Sekelumit Tantangan Perbankan Syariah Global yang Mirip-Mirip

Pangsa pasar perbankan syariah Indonesia berada di angka 7,31 persen.

Republika/Dian Fath Risalah
Bendera nasional Turki tampak berkibar setengah tiang di pusat kota Istanbul, Turki, Jumat (20/10/2023).
Rep: Dian Fath Risalah Red: Lida Puspaningtyas

REPUBLIKA.CO.ID, JAKARTA -- Perbankan syariah memiliki berbagai tantangan pertumbuhan di berbagai belahan dunia. Beberapa menghadapi masalah yang sama.

Di Turki, lebih dari 95 persen dari sekitar 83 juta populasi adalah Muslim tetapi penetrasi keuangan Islam di negara itu disebut masih sangat rendah.

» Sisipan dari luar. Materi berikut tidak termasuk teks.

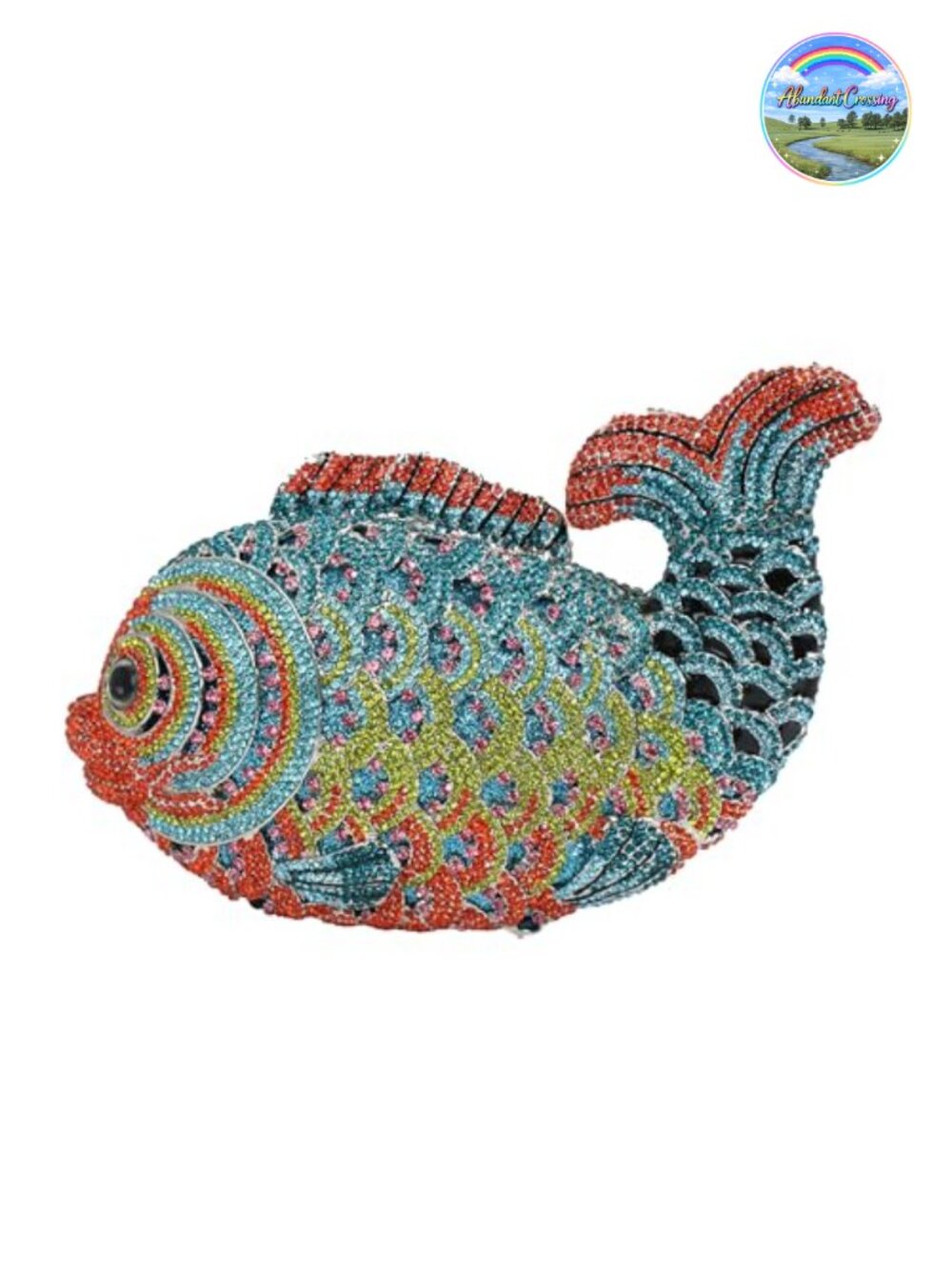 Rhinestone Fish Evening Clutch - Magnetic Closure, Detachable Chain, Sparkling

Padahal porsi bank partisipasi atau umumnya dikenal sebagai bank Islam di Turki telah melampaui pertumbuhan bank konvensional dalam beberapa tahun terakhir seiring volatilitas pasar keuangan meskipun masih kecil dalam sisi aset

Baca Juga

Salah satu warga Istanbul yang ditemui Republika, Ufuk Turan mengaku belum tertarik menggunakan bank yang berdasarkan asas syariah. Saat ini, ia masih menabung di salah satu bank konvensional milik Pemerintah Turki.

"Karena hukum dan ketentuannya sama saja, jadi saya masih menggunakan bank umum," ujarnya kepada Republika.

Dikonfirmasi terpisah, Gokhan pria asal Antalya pun menyampaikan hal yang sama. Ia dan keluarga besarnya pun masih menggunakan bank konvensional. Menurutnya, lebih mudah menggunakan layanan bank konvensional. Ia bahkan mengaku kurang begitu suka dengan segala hal yang disangkutpautkan dengan agama.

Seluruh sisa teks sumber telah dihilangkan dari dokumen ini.